Short descriptive text snippets:
----------
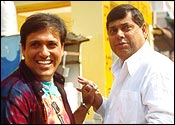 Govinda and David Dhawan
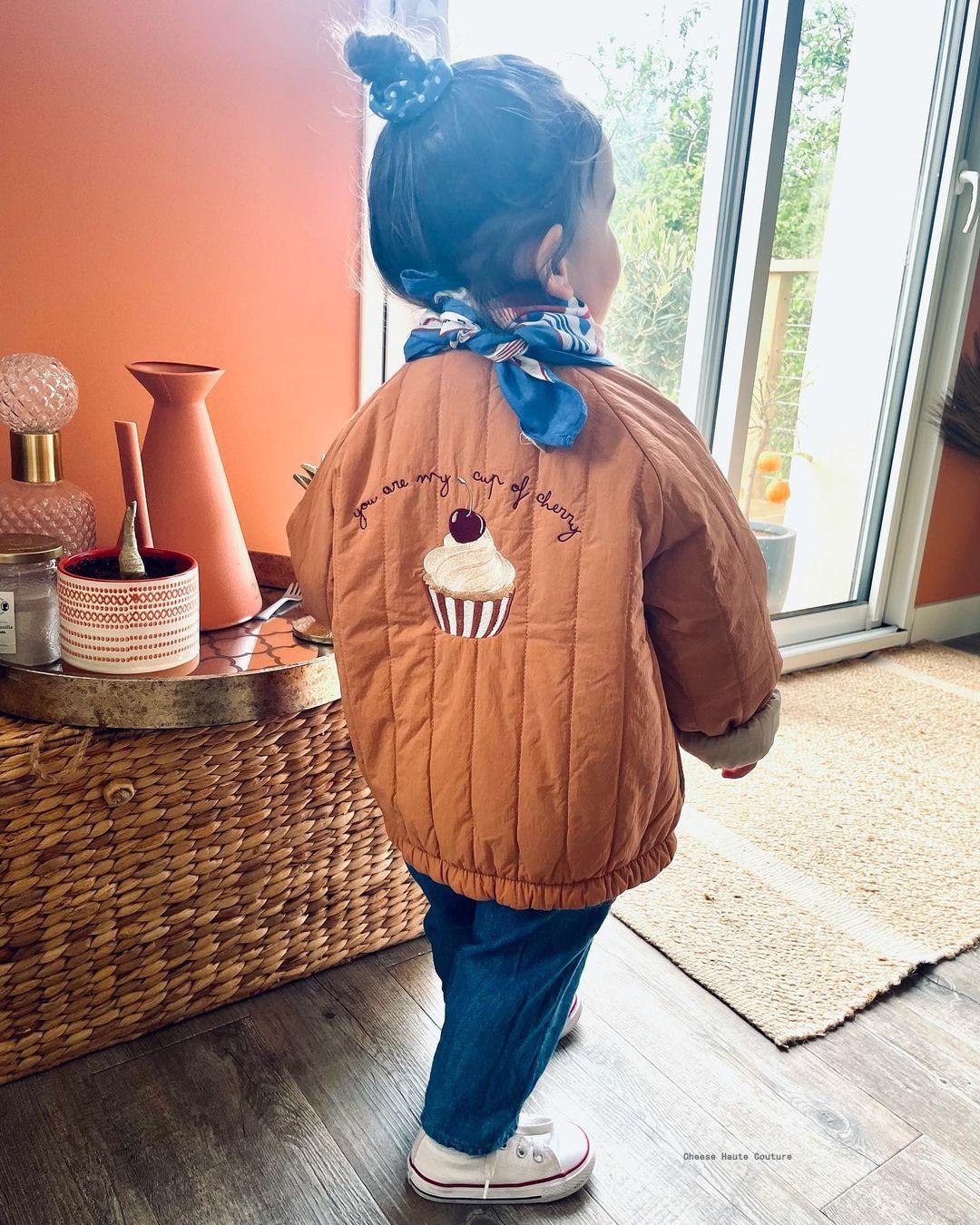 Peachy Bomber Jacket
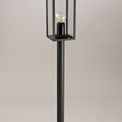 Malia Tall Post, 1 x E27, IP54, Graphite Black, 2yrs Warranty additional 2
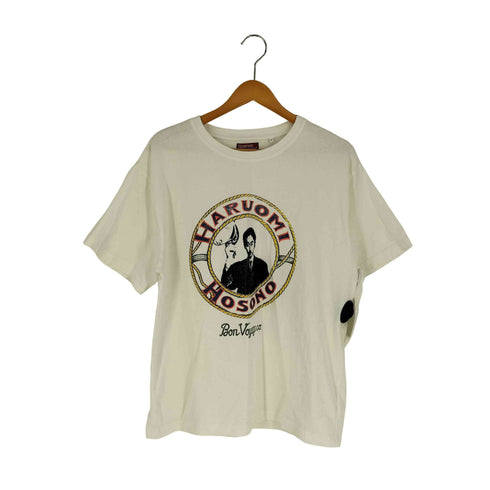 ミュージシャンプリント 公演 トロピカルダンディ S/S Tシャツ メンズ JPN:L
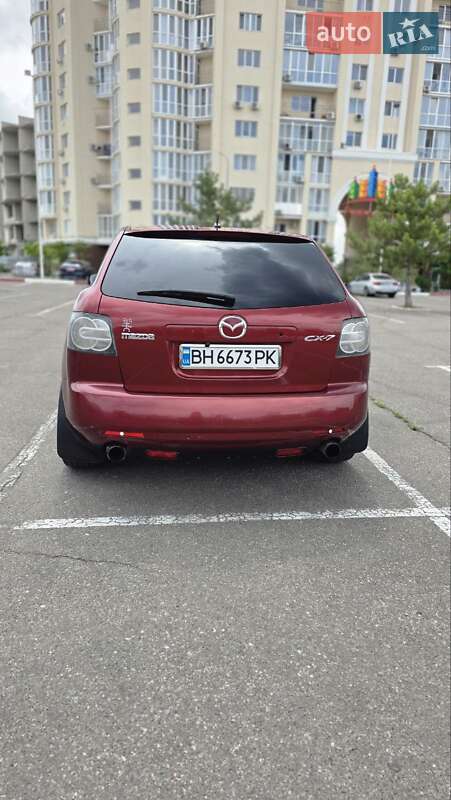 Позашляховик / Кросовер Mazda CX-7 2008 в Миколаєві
----------
_Work task_: A word-for-word copy is needed of the lines from the line holding "ミュージシャンプリント 公演 トロピカルダンディ S/S Tシャツ メンズ JPN:L" through the end of the records, both included, excluding every picture.

_Solution for this task_:
 ミュージシャンプリント 公演 トロピカルダンディ S/S Tシャツ メンズ JPN:L
 Позашляховик / Кросовер Mazda CX-7 2008 в Миколаєві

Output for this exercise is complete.